Anting II

posted in: Feathers-maintenance | 0

I have kept several mynas in my lifetime. One of these was a male Common Myna (Acridotheres tristis) that I rescued from the cat as it landed on the ground during his maiden flight. This bird accompanied me almost everyday afternoons and evenings when I patrolled the condo looking for some animal or insect to observe.

At a very young age (it was still begging for food), the bird enjoyed a good bath, splashing water with its wings. That was when I placed him in the sink together with the ice cream box in which it was kept, and slowly ran the tap, intending to wash the tub and at the same time give the bird his first bath. But before I could do anything, he instinctively reacted to the water flowing beneath his feet. He dunked his chest in the water and splattered water all over the toilet. So much for bathing 101, this candidate was earmarked for direct PhD in bathing. Eventually I even placed him in a tub of water that was so deep that only his head was above the water level. The lure of a good bath never stopped him. But he was very cautious with water levels more than 3 inches deep.
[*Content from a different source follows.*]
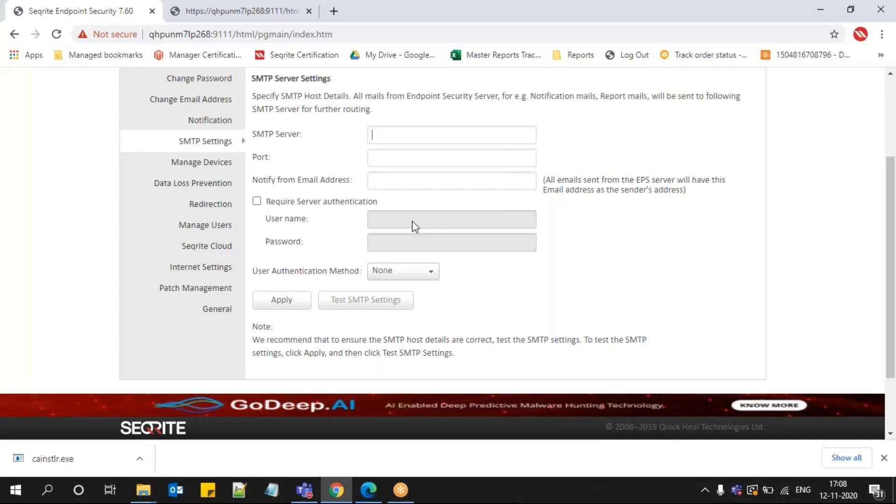That link you can share with anyone across a different email as well. That will also help them to install the product on their machine. Thanks a lot for watching this video.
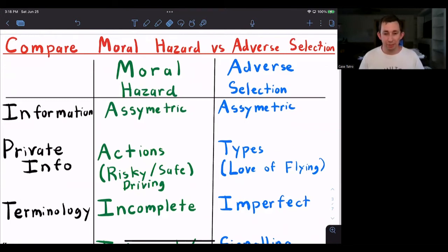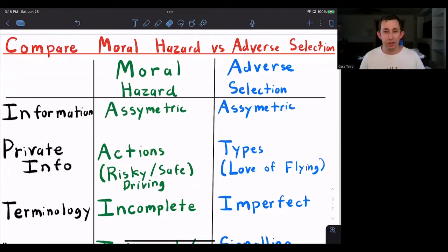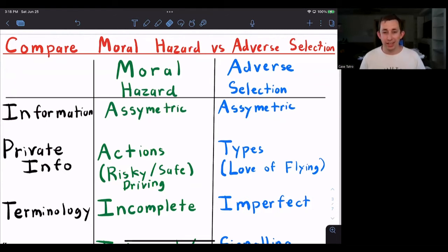Moral hazard is asymmetric information, and so is adverse selection. But moral hazard is more about action — you can think of it as: are you a risky driver or a safe driver? Your insurance company doesn't know what type of driver you are, so that's why it's moral hazard. They don't know your actions. Adverse selection would be like an airline trying to figure out if you like flying or don't like flying. That's not an action. They can only see whether or not you purchase the ticket, but what the airline cannot see is whether or not you like flying. So the asymmetric information in adverse selection is about types, and the asymmetric information in moral hazard is about action.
We used to patrol the greenery around the condo together for his evening snacks. Anything I chased out from the grass, he would grab and eat it. Whenever there were other mynas around he would start a fight. With my help he would invariably win. One evening, he happened to walk over an ant mound. Initially intrigued by the ants, he later found them to be foul tasting and started to attack them. The ants responded by mobbing him and crawling all over his feathers. I had seen many young birds killed by ants and was a little concerned by the increasing number of ants crawling onto him. But as much as I tried to discourage him from mucking around with the ants, he kept at it, to stupidly stand right on top of the mound. His behaviour took me by surprise. Intermittent between his initial actions of attacking the ants, he suddenly prostrated himself on the ground, spread his wings and puffed up his plumage. I had thought that he had a few ant bites too many and was getting injured. But he appeared absolutely fine. So I stood by and observed for a while. After about two minutes of intense ‘anting’ he suddenly moved away from the ant mound and preened itself to get rid of the ants. All of a sudden his intense interest with the ant mound vanished and we were back looking for tasty afternoon snacks.

After that he would regular ‘ant’ itself once a week or less, probably because I gave him a daily bath.

The fact that this bird had never observed another ‘anting’ but seemed to know what to do with ants points in the fact that this behaviour seems to be innate, although wild birds seem to do it more professionally. My little ‘Sidewinder’, as I called him, apparently had some ideas of what ‘anting’ was all about, hard coded in his brain.